There was another silence after that and this time it began to annoy me.

“Look, lady, if Barry thought sending you around would intimidate me somehow, you can tell him he doesn’t remember me very well.”

“My name’s not ‘lady.’“

“Oh? As I recall, you were a little hazy on that point when you introduced yourself.”

Now my eyes were forward, too, waiting her out.

“My name is Elizabeth Staley. Most people call me Beth.”

I stepped up my pace a bit, running faster as we passed a group of Japanese men who had just appeared from somewhere. They looked like a visiting sumo team, but they moved with remarkable grace and economy, gliding along as easily as marathoners. The woman effortlessly matched me stride for stride.

“Who the hell
are
you, Beth?”

She glanced at me and said nothing so I gave her another nudge. “I get the feeling you’re a cop of some kind.”

“I work for a private company, Mr. Shepherd. We provide personal security for Mr. Gale.”

“You’re a bodyguard?”

“I am a private security officer.”

I snorted, probably a little louder than really necessary to make my point.

We reached the south side of the park and I started to turn back toward the lake where my usual finishing line was, but Beth pointed in the other direction to where a green wooden picnic table sat empty under some low-hanging gum trees.

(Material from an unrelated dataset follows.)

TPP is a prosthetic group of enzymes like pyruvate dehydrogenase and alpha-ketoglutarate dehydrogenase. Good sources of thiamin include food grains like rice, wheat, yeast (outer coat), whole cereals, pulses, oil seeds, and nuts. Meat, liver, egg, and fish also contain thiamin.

“You and I need to talk, Mr. Shepherd.”

“What about?”

“There are some things you need to know.”

“There are a
lot
of things I need to know, but I doubt you’re going to tell me about any of them.”

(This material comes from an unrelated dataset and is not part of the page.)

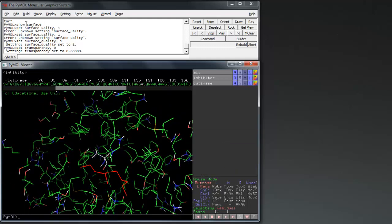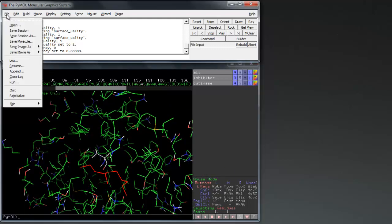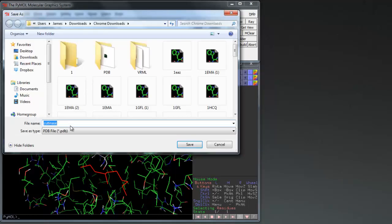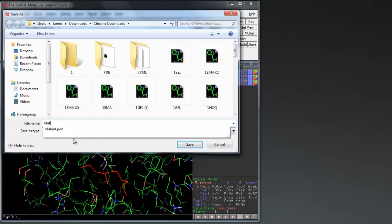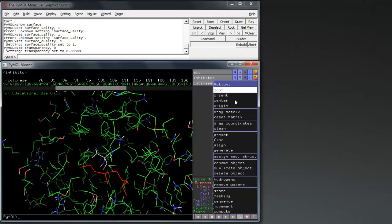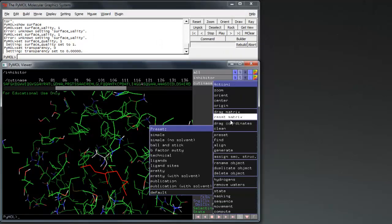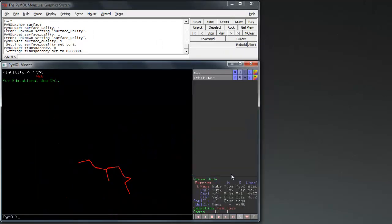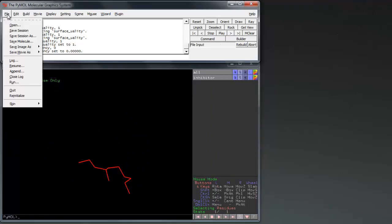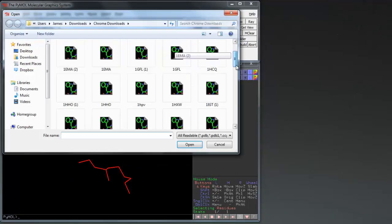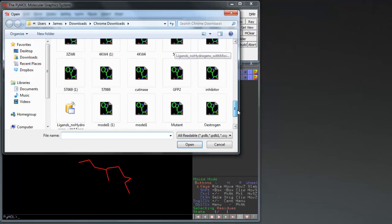File and save the new molecule as a mutant before deleting the object. Open up the original enzyme and the mutant so we can compare them side by side.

Beth smiled and I noticed it was a very nice smile.

“You might be surprised,” she said.

Maybe she was right. Pretty much everything these days seemed to be a surprise to me.

“This way,” Beth went on, pointing again at the picnic table, “if you don’t mind.”

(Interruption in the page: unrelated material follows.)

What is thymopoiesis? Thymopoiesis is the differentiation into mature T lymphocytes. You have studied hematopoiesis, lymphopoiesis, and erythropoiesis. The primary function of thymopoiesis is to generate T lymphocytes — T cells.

I slowed down and looked at Beth. “Look, before this goes any further—”

But Beth couldn’t hear me. She had already turned away and was running toward the picnic table at the same even pace she had maintained all the way around the lake. She was already halfway there.

I shook my head and followed.

TWENTY TWO

WE SAT TOGETHER
on top of the table, our feet resting on one of the benches. I could hear the city coming awake out beyond the tree line that surrounded the park.

“What’s this all about, Beth?”

“I’m concerned about you.”

I didn’t know what to say to that, so I said nothing.

“They may know you’re helping Mr. Gale,” she went on after a moment. “They may think you know what happened to the money and come after you.”

“But I’m not helping Barry.”

“Then why were you making inquiries in Hong Kong about the Asian Bank of Commerce?”

I stared at Beth. How could she know that?

“You weren’t exactly making a secret of it,” she said as if she were reading my mind. “You even left your business card at the bank’s registered office.”

Archie must have been right after all. Somebody
was
following me when I was in Hong Kong. Was it somebody Beth sent or was it somebody else? And regardless of who it was, why on earth had
anybody
been interested enough in what I was doing in Hong Kong to go to the effort of following me around?
I
hadn’t even been particularly interested in what I was doing in Hong Kong.

“It doesn’t matter why you were doing it,” Beth went on before I could ask her any of the questions piling up rapidly in my mind. “I wanted you to know that you’re safe.”

“Safe?”

“We’ve had a loose net on you ever since your meeting with Mr. Gale.”

That was the second time in a week someone had used the phrase “loose net” in connection with me. I didn’t like the sound of it now any more than I had the first time.

“That was you following me in Hong Kong?”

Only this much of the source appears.